● How to complete this task
Among the entries below, which lines run from the line with "2018 Toyota Hilux SR GUN126R 4X4" through the line with "- изображение 4"? Retype those, both ends included, exactly and without pictures.

◇ ◇ ◇ ◇ ◇

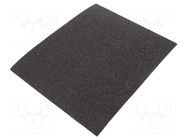 Cleaning cloth: abrasive non-woven; Granularity: 40; 280x230mm PROLINE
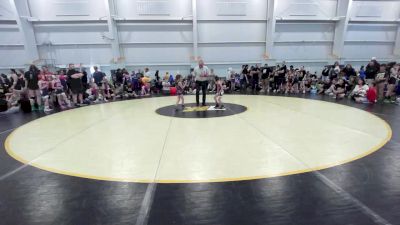 50 lbs Round Robin 2 - Jordyn Jones, Ohio Skibidi Rizzlers Purple vs Brynlee Myers, PA West-Girls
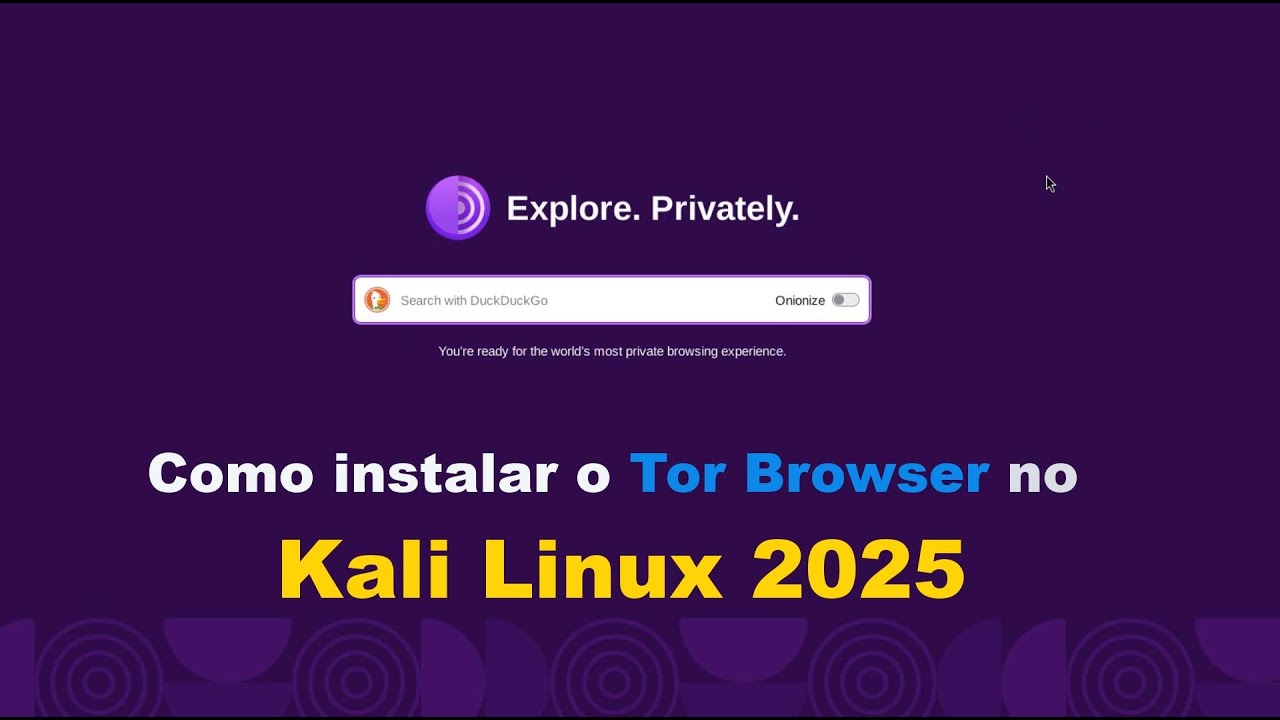 How to Install Tor Browser on Kali Linux 2025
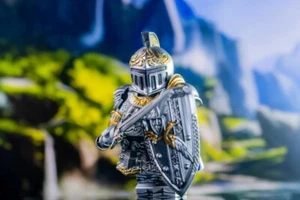 Custom Molded Figurine Accessory - FF Knight Suit - Picture 1 of 6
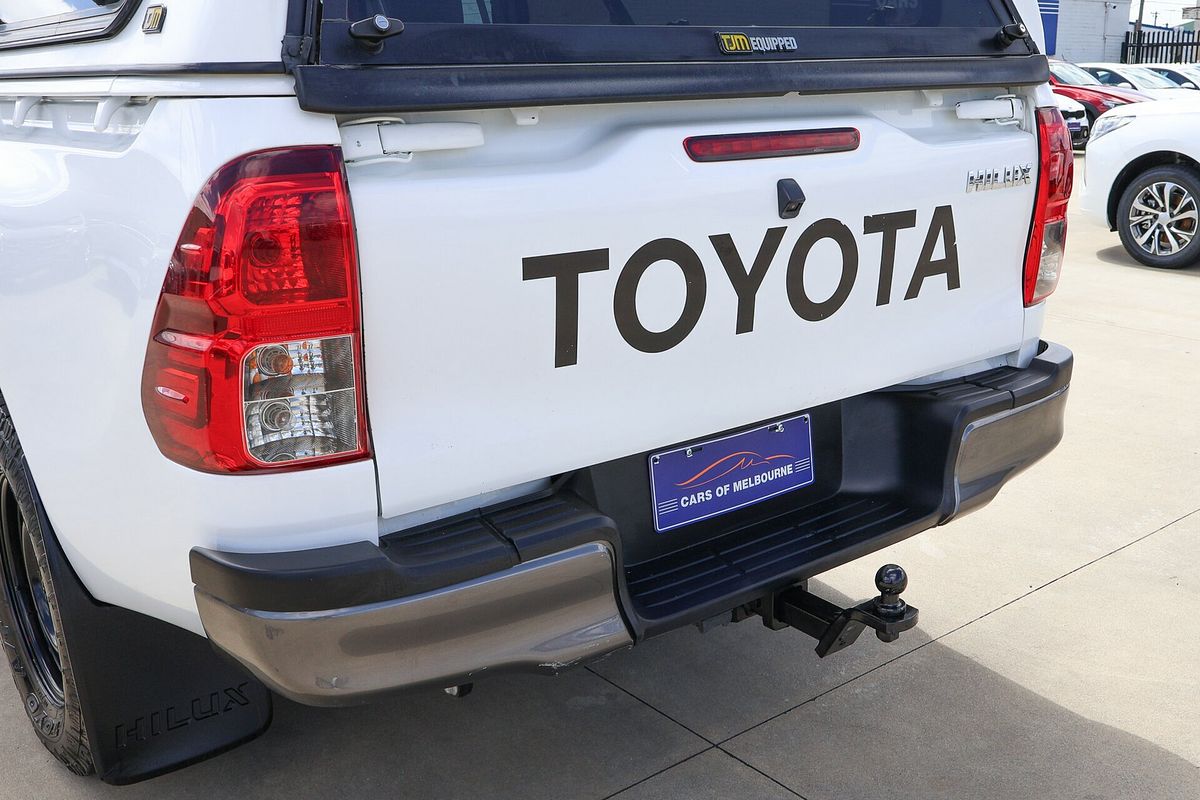 2018 Toyota Hilux SR GUN126R 4X4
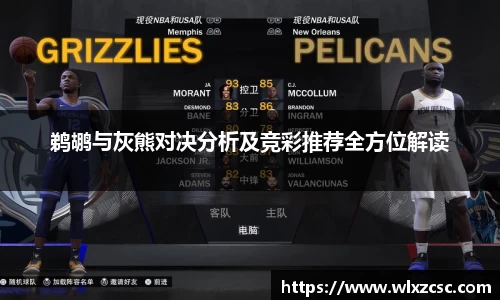 鹈鹕与灰熊对决分析及竞彩推荐全方位解读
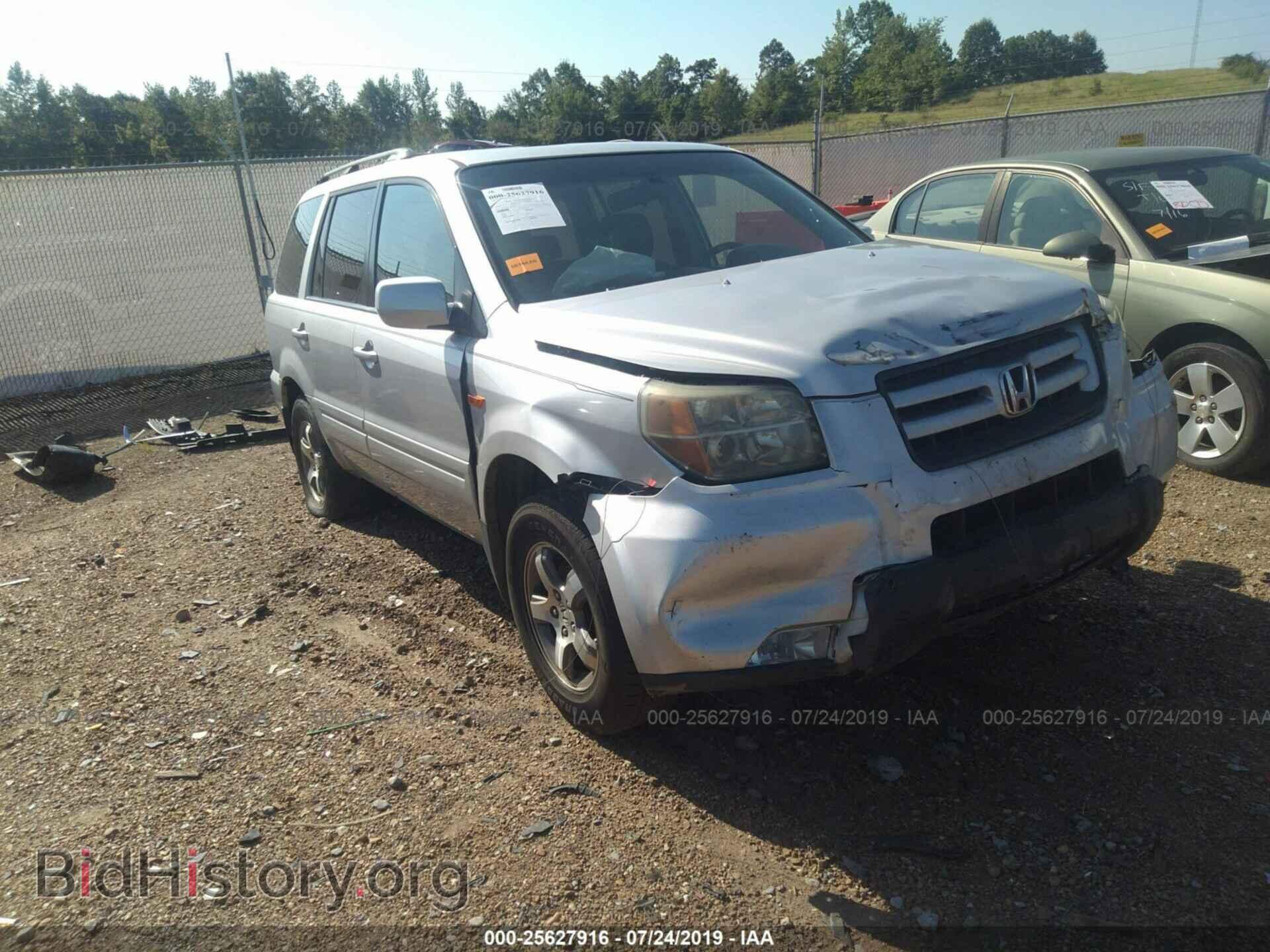 Фотография 5FNYF28616B030415 - HONDA PILOT 2006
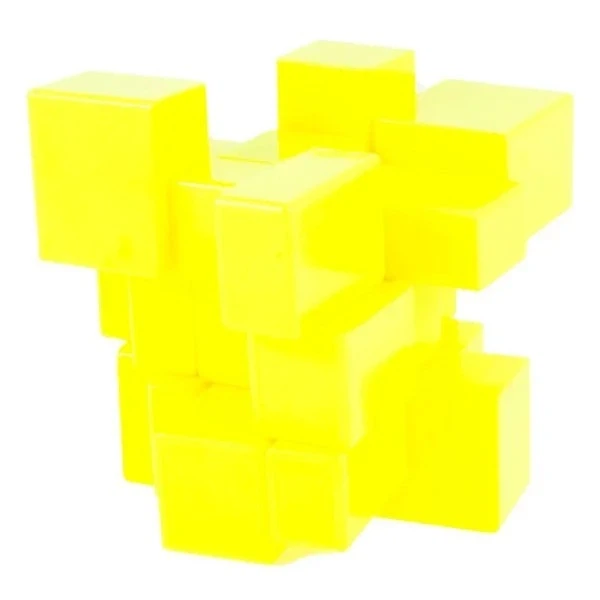 Дзеркальний кубик "Mirror Yellow-Зеркальний кубик" SC357 жовтий - Фото 4 Дзеркальний кубик "Mirror Yellow-Зеркальний кубик" SC357 жовтий - изображение 4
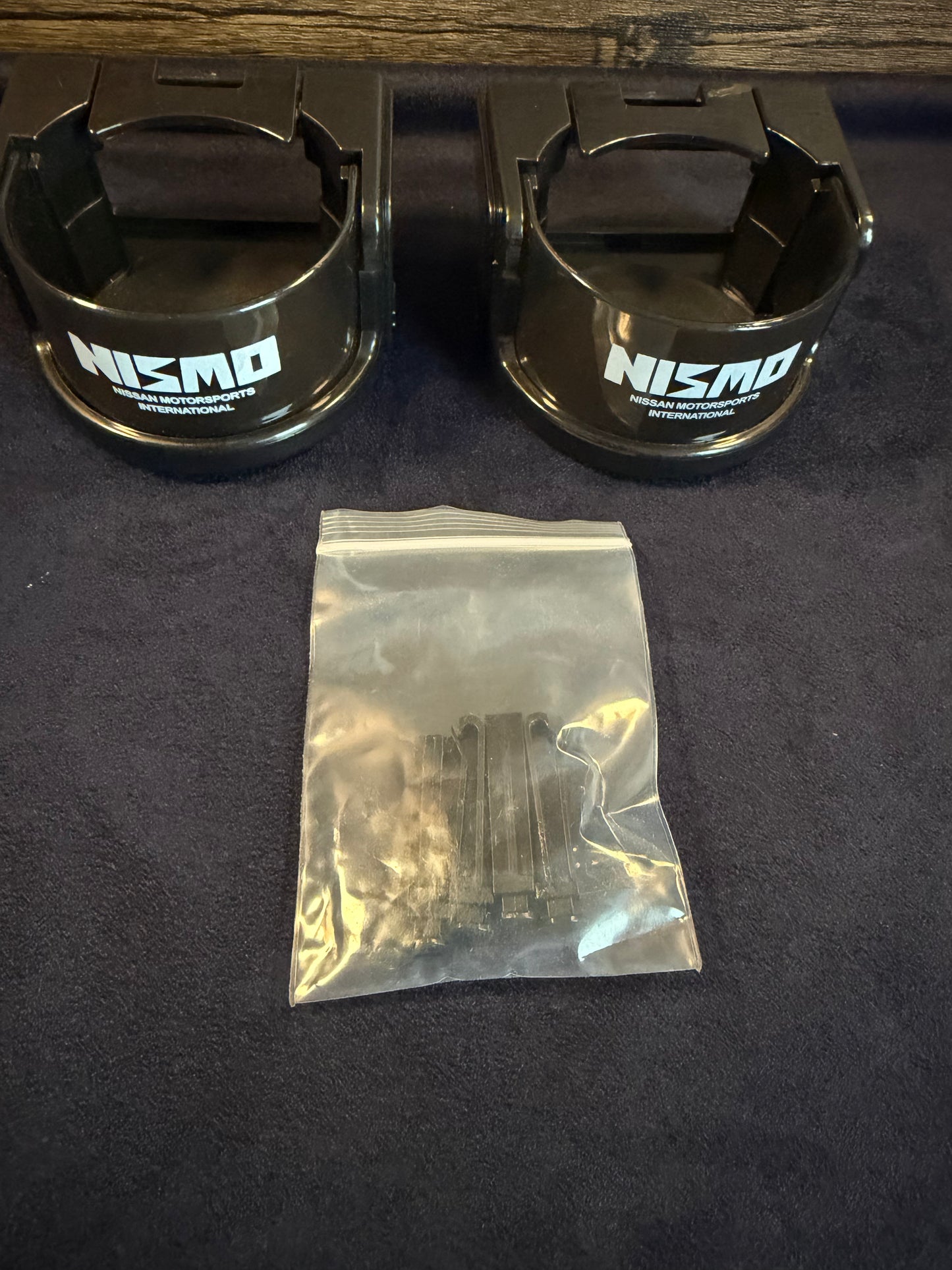 Original Nismo Cupholders For Nissan GT-R BNR32, BCNR33, BNR34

◇ ◇ ◇ ◇ ◇

● Problem solution
 2018 Toyota Hilux SR GUN126R 4X4
 鹈鹕与灰熊对决分析及竞彩推荐全方位解读
 Фотография 5FNYF28616B030415 - HONDA PILOT 2006
 Дзеркальний кубик "Mirror Yellow-Зеркальний кубик" SC357 жовтий - Фото 4 Дзеркальний кубик "Mirror Yellow-Зеркальний кубик" SC357 жовтий - изображение 4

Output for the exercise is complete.